RECORDS FOR PROCESSING Block Start

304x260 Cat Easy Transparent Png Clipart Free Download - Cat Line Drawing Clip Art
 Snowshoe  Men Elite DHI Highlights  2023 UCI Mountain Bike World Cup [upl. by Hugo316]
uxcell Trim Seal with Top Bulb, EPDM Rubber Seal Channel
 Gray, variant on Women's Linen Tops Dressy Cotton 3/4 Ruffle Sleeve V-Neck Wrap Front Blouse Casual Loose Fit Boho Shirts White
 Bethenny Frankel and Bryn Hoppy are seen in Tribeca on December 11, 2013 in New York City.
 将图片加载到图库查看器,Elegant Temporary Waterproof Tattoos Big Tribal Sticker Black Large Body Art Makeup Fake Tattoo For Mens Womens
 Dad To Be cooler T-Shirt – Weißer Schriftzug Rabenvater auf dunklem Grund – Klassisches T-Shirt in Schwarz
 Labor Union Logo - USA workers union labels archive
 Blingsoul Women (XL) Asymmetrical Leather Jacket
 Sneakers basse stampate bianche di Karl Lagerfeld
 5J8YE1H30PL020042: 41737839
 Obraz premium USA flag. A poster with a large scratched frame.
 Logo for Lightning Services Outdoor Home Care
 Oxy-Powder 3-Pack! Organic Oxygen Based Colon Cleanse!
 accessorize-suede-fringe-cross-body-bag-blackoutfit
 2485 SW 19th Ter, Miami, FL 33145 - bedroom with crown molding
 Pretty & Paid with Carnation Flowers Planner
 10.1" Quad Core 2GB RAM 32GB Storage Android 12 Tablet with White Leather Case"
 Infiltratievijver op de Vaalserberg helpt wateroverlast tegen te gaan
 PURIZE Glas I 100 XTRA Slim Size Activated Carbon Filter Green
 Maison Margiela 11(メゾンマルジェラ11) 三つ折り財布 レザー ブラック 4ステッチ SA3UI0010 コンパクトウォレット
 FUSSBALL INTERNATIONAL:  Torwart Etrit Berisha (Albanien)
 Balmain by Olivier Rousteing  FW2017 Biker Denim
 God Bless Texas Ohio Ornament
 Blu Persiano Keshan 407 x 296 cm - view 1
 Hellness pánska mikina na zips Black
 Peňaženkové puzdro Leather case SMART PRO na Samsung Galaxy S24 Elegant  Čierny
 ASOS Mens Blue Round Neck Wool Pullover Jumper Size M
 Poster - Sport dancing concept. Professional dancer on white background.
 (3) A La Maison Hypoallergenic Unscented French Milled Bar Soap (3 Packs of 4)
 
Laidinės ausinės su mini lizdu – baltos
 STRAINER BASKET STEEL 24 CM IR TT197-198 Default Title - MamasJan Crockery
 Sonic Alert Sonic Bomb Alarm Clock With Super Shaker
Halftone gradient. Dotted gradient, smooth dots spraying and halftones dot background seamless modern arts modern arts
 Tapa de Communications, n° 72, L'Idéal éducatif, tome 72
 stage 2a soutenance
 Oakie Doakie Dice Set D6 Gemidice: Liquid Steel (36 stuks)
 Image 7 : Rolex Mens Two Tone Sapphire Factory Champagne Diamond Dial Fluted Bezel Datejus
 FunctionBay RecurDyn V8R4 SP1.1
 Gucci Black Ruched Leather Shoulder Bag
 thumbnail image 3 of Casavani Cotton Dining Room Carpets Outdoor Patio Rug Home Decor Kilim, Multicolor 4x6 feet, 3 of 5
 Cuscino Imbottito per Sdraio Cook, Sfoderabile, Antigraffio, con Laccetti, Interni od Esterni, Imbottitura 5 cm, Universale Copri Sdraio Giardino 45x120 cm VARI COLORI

RECORDS FOR PROCESSING Block End

▶ **PROBLEM**: All lines from the opening of the records through the line where "2485 SW 19th" occurs are to be output verbatim. No other line belongs in the answer.

▶ **ANSWER BOX**:
304x260 Cat Easy Transparent Png Clipart Free Download - Cat Line Drawing Clip Art
 Snowshoe  Men Elite DHI Highlights  2023 UCI Mountain Bike World Cup [upl. by Hugo316]
uxcell Trim Seal with Top Bulb, EPDM Rubber Seal Channel
 Gray, variant on Women's Linen Tops Dressy Cotton 3/4 Ruffle Sleeve V-Neck Wrap Front Blouse Casual Loose Fit Boho Shirts White
 Bethenny Frankel and Bryn Hoppy are seen in Tribeca on December 11, 2013 in New York City.
 将图片加载到图库查看器,Elegant Temporary Waterproof Tattoos Big Tribal Sticker Black Large Body Art Makeup Fake Tattoo For Mens Womens
 Dad To Be cooler T-Shirt – Weißer Schriftzug Rabenvater auf dunklem Grund – Klassisches T-Shirt in Schwarz
 Labor Union Logo - USA workers union labels archive
 Blingsoul Women (XL) Asymmetrical Leather Jacket
 Sneakers basse stampate bianche di Karl Lagerfeld
 5J8YE1H30PL020042: 41737839
 Obraz premium USA flag. A poster with a large scratched frame.
 Logo for Lightning Services Outdoor Home Care
 Oxy-Powder 3-Pack! Organic Oxygen Based Colon Cleanse!
 accessorize-suede-fringe-cross-body-bag-blackoutfit
 2485 SW 19th Ter, Miami, FL 33145 - bedroom with crown molding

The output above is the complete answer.